SIGMOD2024
Buffered Persistence in B+ Trees
Mingzhe Du, Michael L. Scott
2 citations
Abstract
Non-volatile Memory (NVM) offers the opportunity to build large, durable B+ trees with markedly higher performance and faster post-crash recovery than is possible with traditional disk- or flash-based persistence. Unfortunately, cache flush and fence instructions, required for crash consistency and failure atomicity on many machines, introduce substantial overhead not present in non-persistent trees, and force additional NVM reads and writes. The overhead is particularly pronounced in workloads that benefit from cache reuse due to good temporal locality or small working sets---traits commonly observed in real-world applications. In this paper, we propose a buffered durable B+ tree (BD+Tree) that improves performance and reduces NVM traffic via relaxed persistence. Execution of a BD+Tree is divided into epochs of a few milliseconds each; if a crash occurs in epoch e, the tree recovers to its state as of the end of epoch e -2. (The persistence boundary can always be made current with an explicit sync operation, which quickly advances the epoch by 2.) NVM writes within an epoch are aggregated for delayed persistence, thereby increasing cache reuse and reducing traffic to NVM. In comparison to state-of-the-art persistent B+ trees, our micro-benchmark experiments show that BD+Tree can improve throughput by up to 2.4x and reduce NVM writes by up to 90% when working sets are small or workloads exhibit strong temporal locality.
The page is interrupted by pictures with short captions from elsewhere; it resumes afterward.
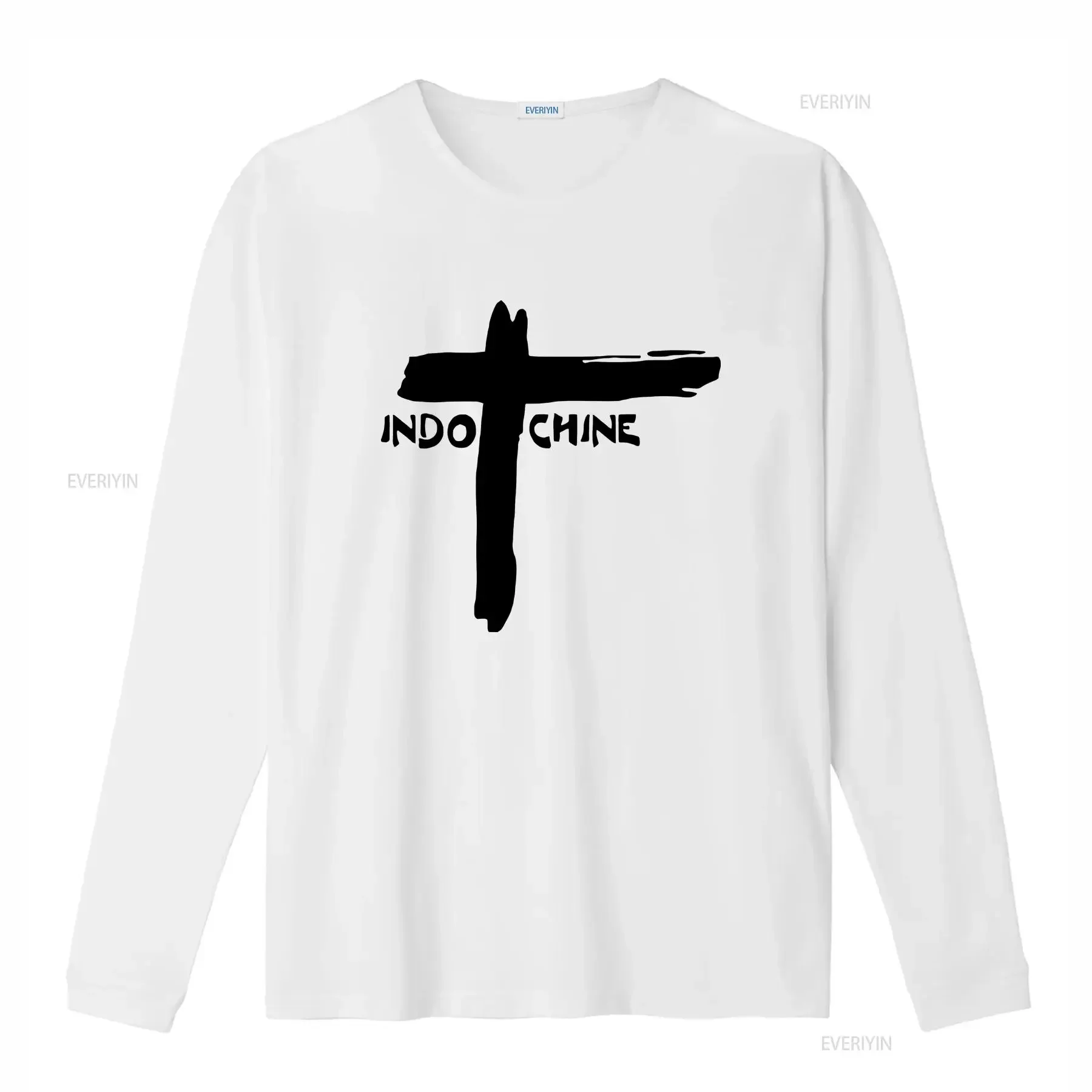 Indochine band logo T shirt vintage Washed Versatile fashion Slightly Stretched Casual graphic Stylish Unisex designer clothes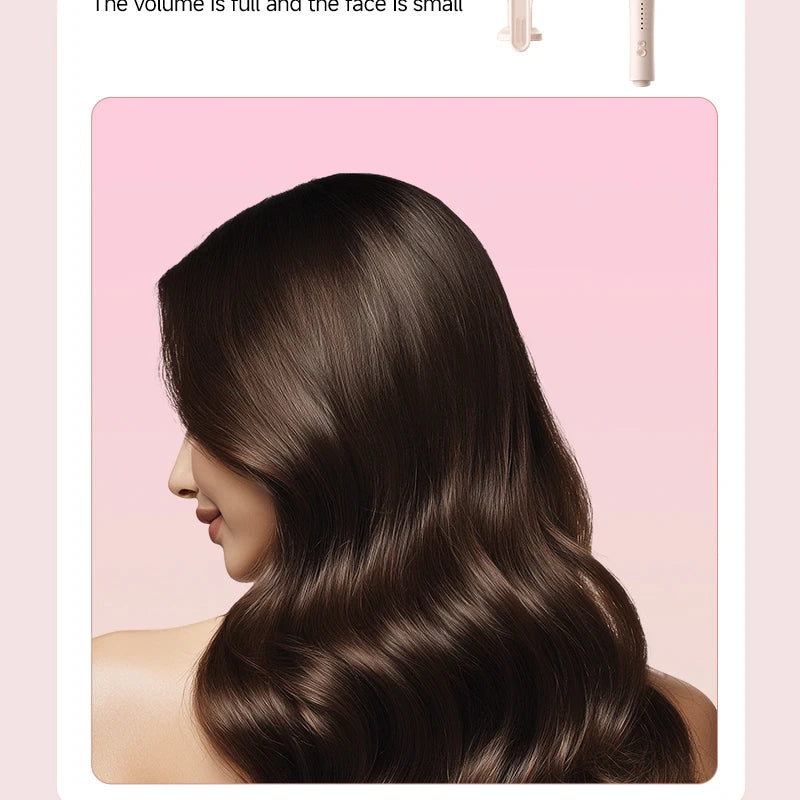 Rose gold automatic curling iron creating shiny, wavy hair with negative ion hair care and smart temperature control.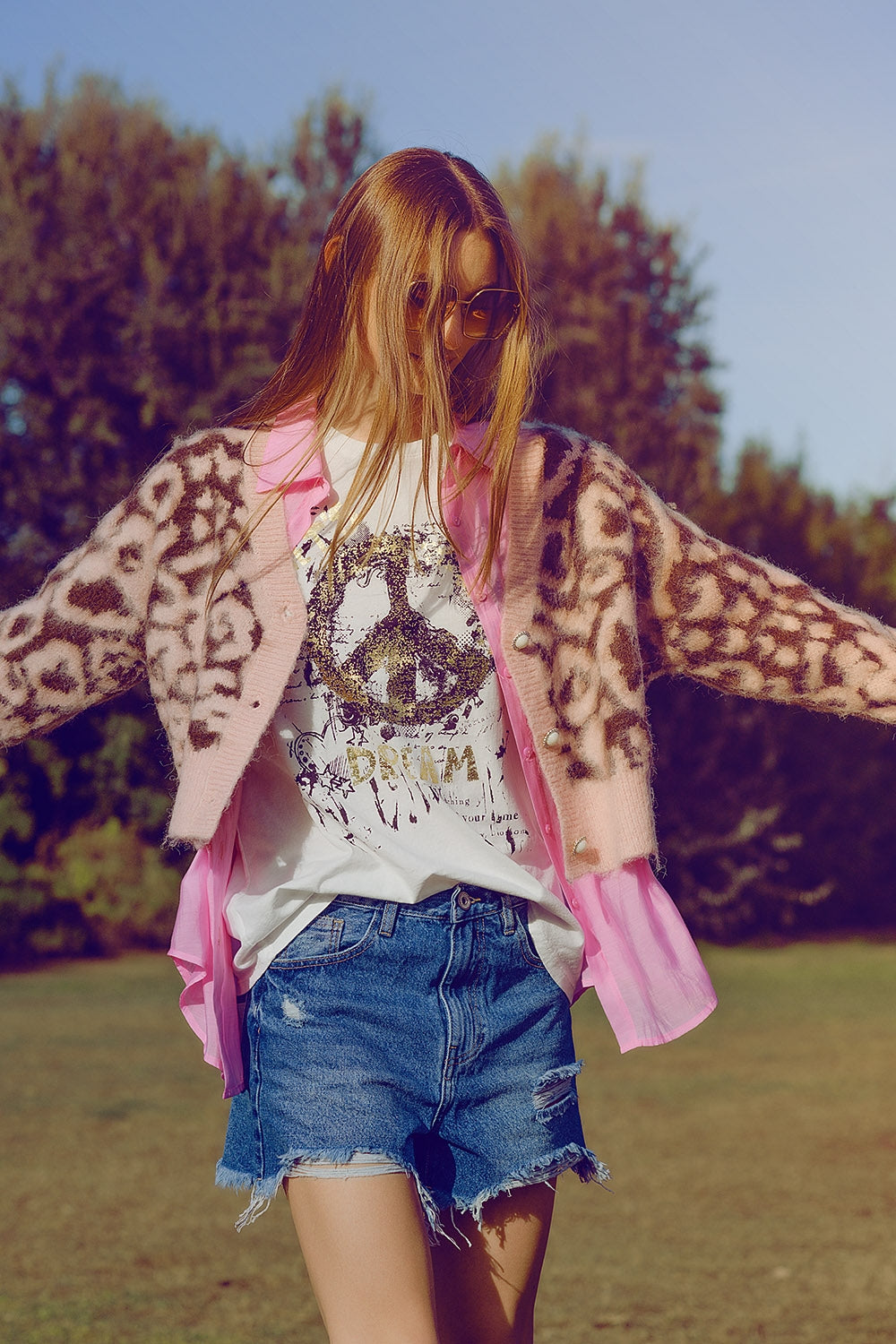 Leopard print cardigan with wool in pink | Just Cool Beans — sweaters | tops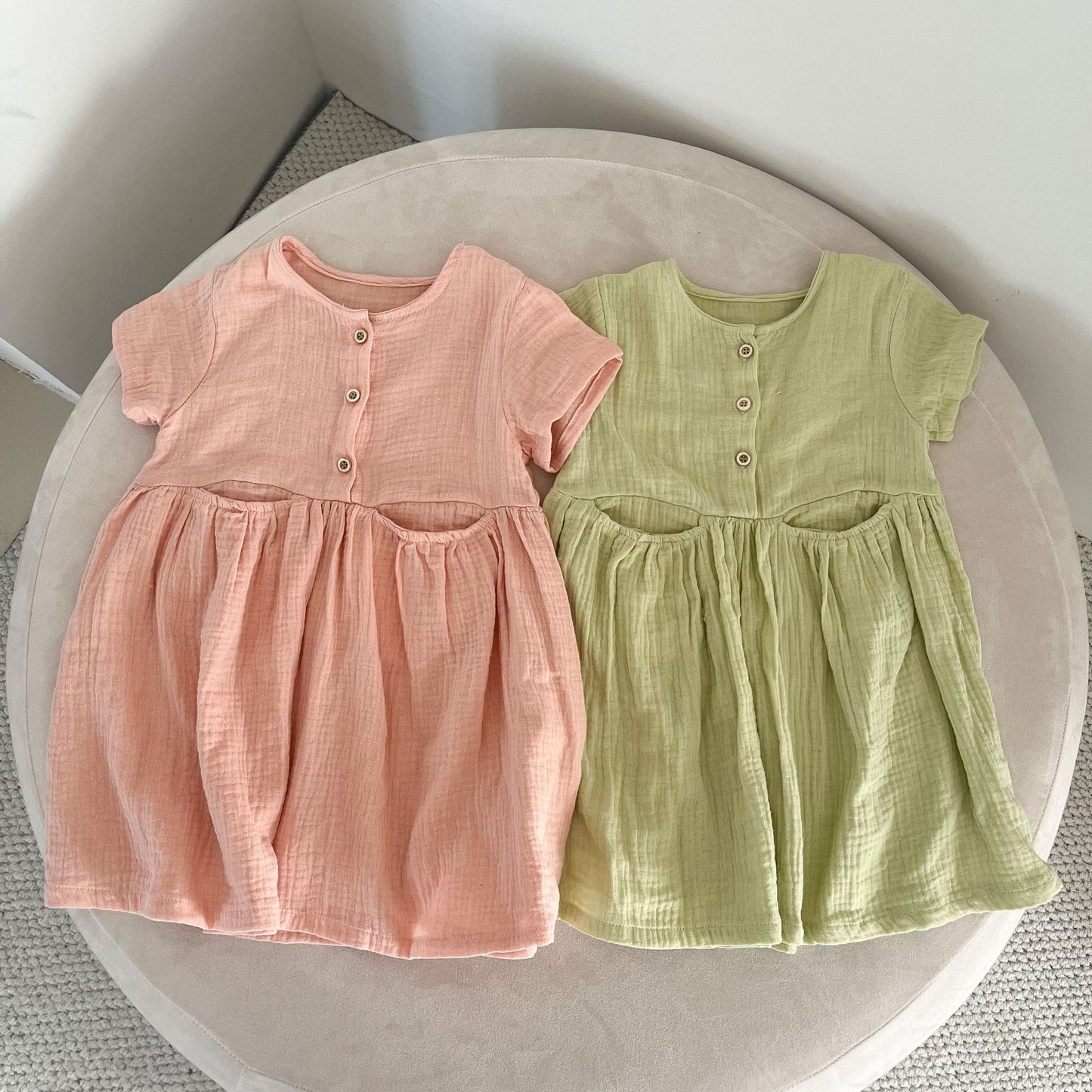 【BABY&KID】夏新作 ポケット付きコットンワンピースSK072106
On real-world workloads that benefit from cache reuse, BD+Tree realizes throughput improvements of 1.1--2.4x and up to a 99% decrease in NVM writes. Even on uniform workloads, with working sets that significantly exceed cache capacity, BD+Tree still improves throughput by 1--1.3x. The performance advantage of BD+Tree increases with larger caches, suggesting ongoing benefits as CPUs evolve toward gigabyte cache capacities.